BEGIN Records supplied
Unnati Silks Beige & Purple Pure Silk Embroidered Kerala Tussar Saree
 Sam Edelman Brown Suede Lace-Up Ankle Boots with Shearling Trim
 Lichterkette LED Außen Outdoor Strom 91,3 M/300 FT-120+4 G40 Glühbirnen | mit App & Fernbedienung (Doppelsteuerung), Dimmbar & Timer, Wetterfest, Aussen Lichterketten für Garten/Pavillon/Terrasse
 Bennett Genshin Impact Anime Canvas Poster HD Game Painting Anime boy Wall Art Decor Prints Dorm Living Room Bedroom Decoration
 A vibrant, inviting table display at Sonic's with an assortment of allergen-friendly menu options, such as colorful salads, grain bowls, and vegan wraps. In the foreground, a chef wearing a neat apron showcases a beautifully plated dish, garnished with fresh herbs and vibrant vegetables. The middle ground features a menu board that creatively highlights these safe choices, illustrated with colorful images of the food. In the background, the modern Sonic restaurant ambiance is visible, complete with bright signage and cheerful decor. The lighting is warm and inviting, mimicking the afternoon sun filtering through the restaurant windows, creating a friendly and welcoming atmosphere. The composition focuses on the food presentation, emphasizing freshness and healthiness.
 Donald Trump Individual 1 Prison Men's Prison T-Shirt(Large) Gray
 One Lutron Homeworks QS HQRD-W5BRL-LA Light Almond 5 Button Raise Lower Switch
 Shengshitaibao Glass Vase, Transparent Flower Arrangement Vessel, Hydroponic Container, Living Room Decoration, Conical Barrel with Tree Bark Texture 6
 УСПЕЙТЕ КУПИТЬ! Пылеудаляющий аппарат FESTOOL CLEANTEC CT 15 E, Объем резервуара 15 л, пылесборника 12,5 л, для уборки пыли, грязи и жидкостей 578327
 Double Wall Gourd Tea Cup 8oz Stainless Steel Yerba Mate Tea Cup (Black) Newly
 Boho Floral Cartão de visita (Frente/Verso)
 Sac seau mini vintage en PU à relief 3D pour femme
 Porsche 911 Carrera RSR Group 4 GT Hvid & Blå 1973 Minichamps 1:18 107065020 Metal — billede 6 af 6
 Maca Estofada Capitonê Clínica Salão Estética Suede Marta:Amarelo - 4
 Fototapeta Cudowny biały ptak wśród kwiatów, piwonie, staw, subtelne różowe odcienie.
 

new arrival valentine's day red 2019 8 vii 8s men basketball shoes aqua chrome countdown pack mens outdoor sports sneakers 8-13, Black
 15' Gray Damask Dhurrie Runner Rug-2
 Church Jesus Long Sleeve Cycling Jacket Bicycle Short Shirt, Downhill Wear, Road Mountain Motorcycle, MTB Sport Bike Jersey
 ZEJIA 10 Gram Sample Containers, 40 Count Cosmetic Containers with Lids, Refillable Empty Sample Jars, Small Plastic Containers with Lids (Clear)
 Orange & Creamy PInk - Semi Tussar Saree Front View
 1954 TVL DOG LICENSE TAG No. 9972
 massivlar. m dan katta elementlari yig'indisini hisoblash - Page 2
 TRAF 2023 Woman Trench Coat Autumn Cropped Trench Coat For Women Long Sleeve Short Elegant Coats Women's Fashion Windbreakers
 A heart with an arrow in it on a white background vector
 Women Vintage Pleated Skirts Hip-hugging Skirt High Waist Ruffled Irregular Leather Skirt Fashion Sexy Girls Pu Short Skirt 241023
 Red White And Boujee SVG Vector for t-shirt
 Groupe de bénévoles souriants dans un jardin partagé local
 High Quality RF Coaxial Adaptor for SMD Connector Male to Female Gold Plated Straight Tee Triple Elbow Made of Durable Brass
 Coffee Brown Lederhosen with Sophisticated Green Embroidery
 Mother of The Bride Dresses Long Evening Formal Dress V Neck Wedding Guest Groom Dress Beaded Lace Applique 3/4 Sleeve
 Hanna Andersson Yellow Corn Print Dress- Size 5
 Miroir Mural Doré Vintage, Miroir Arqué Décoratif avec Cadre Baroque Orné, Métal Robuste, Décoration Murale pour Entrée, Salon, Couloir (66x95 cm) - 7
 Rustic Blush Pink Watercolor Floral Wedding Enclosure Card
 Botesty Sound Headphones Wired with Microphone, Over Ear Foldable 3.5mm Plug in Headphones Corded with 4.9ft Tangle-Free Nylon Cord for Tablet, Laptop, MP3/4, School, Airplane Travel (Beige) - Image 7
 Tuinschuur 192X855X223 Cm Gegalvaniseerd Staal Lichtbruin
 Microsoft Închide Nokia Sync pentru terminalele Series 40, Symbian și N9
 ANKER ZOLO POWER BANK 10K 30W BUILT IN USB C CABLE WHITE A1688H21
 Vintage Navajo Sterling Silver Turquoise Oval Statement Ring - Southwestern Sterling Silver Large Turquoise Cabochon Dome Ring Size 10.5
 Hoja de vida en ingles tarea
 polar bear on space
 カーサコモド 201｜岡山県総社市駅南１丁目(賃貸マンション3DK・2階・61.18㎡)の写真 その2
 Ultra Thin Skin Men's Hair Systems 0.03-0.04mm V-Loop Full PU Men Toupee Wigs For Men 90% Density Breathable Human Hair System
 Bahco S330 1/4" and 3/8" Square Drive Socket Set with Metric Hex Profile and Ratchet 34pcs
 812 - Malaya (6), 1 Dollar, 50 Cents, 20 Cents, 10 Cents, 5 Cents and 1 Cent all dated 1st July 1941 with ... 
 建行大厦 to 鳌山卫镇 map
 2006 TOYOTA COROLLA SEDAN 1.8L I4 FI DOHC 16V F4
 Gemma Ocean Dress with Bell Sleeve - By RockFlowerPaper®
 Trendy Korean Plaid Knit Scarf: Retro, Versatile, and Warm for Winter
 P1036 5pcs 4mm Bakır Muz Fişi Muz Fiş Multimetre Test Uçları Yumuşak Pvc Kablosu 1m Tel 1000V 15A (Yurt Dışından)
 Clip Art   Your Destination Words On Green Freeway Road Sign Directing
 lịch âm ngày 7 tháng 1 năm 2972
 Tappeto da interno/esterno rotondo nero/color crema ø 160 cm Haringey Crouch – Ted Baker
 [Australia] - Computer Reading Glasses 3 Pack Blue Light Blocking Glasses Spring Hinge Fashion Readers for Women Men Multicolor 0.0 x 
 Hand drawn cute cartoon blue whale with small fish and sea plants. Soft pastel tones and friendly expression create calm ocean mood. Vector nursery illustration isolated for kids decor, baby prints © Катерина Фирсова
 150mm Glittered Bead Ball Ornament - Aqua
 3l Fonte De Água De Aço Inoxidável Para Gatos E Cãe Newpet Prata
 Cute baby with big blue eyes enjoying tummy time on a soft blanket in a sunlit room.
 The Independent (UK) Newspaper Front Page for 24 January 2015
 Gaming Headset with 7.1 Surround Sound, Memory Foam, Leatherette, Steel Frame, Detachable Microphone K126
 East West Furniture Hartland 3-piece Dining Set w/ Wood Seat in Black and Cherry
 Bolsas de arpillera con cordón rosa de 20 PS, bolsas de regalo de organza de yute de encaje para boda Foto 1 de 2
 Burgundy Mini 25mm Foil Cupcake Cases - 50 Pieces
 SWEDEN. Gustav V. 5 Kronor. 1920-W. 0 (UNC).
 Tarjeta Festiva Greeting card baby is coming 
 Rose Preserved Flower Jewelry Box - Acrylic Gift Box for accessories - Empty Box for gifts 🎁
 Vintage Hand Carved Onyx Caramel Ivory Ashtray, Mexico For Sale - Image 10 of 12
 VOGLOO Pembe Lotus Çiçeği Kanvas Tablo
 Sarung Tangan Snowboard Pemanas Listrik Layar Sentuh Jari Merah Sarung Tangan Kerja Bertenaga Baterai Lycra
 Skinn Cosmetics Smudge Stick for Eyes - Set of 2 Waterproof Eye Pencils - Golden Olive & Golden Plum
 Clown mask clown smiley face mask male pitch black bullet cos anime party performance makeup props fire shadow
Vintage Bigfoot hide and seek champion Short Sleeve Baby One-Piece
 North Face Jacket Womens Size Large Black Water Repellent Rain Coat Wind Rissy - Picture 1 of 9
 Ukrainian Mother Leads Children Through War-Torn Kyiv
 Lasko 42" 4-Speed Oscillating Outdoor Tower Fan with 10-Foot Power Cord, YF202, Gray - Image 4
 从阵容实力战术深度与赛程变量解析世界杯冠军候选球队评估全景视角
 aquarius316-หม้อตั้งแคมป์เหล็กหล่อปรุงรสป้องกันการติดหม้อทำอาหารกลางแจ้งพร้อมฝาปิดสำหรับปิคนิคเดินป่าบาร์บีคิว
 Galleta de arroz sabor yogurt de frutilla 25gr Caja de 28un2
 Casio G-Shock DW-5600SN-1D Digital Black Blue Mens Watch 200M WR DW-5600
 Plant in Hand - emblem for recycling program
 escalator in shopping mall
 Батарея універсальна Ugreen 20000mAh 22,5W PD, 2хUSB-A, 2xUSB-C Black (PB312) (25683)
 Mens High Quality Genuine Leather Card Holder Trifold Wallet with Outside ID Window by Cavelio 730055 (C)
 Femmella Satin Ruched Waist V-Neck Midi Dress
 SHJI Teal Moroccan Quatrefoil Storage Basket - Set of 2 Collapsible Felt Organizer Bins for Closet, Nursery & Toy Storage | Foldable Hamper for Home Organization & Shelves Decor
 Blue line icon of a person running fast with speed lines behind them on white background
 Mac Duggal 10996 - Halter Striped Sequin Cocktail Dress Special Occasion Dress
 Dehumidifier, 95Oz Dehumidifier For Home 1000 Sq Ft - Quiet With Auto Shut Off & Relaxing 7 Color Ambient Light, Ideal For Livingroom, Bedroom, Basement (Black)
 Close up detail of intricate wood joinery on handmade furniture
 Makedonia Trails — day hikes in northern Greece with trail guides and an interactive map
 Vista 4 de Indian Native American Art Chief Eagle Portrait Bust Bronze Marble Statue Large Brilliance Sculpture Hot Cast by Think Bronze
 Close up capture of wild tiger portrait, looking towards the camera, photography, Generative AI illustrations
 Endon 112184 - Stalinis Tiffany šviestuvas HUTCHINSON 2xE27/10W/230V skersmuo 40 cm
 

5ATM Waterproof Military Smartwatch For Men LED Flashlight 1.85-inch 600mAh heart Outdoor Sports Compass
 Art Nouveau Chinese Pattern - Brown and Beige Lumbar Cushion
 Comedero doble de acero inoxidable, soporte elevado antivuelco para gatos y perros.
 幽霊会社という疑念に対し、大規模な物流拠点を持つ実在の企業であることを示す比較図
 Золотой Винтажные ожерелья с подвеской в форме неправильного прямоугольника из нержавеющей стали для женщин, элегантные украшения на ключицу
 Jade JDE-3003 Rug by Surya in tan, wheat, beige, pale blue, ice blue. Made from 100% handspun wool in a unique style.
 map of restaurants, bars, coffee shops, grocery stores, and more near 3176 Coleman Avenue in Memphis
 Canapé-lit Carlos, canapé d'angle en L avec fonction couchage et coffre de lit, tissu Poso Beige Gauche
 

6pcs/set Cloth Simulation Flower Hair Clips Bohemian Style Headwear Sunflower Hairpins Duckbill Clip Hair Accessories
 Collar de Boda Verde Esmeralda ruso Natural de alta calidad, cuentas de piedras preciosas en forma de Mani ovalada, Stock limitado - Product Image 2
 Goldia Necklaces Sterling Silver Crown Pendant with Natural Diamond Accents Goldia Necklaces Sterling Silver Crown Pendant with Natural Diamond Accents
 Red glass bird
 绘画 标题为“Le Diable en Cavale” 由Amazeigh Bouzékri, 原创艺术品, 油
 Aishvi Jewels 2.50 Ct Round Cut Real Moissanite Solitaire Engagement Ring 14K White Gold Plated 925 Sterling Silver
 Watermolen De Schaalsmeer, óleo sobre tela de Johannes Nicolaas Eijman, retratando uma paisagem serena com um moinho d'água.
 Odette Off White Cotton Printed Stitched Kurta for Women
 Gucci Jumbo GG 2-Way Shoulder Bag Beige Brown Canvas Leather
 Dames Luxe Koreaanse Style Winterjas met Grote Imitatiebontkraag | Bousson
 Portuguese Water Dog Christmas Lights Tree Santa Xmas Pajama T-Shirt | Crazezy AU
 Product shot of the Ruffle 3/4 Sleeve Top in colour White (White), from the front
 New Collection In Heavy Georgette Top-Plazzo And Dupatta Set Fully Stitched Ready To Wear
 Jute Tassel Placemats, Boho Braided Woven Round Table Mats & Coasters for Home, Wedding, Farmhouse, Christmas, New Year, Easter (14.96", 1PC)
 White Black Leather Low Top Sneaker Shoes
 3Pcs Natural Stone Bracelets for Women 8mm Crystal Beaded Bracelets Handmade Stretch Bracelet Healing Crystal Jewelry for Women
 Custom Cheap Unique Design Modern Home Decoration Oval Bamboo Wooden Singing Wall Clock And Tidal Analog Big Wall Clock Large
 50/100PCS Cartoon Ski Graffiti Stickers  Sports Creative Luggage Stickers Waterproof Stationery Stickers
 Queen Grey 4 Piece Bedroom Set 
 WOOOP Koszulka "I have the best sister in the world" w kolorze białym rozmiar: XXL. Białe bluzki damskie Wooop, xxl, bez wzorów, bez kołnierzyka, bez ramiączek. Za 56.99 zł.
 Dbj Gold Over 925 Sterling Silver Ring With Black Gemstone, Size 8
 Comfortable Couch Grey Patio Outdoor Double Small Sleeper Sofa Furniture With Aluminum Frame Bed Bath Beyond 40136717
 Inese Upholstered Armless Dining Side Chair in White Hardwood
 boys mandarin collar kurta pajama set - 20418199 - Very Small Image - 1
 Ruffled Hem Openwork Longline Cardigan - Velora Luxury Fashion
END Records supplied
What is being asked
Wherever the string "Product" occurs in the data, copy the line that holds it.

Exercise answer
 Collar de Boda Verde Esmeralda ruso Natural de alta calidad, cuentas de piedras preciosas en forma de Mani ovalada, Stock limitado - Product Image 2
 Product shot of the Ruffle 3/4 Sleeve Top in colour White (White), from the front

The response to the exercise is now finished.